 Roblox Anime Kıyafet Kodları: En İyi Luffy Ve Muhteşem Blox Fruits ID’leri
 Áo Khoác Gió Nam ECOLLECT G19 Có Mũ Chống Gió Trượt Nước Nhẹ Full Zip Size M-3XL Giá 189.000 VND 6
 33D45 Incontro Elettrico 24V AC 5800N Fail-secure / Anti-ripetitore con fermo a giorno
---
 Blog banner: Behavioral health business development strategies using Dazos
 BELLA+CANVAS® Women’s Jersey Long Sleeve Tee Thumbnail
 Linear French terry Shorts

• _Required work_: Reproduce exactly the section above that begins at the line containing "Roblox Anime Kıyafet" and ends at the line containing "33D45 Incontro Elettrico", leaving out all other lines.

• _Task response_:
 Roblox Anime Kıyafet Kodları: En İyi Luffy Ve Muhteşem Blox Fruits ID’leri
 Áo Khoác Gió Nam ECOLLECT G19 Có Mũ Chống Gió Trượt Nước Nhẹ Full Zip Size M-3XL Giá 189.000 VND 6
 33D45 Incontro Elettrico 24V AC 5800N Fail-secure / Anti-ripetitore con fermo a giorno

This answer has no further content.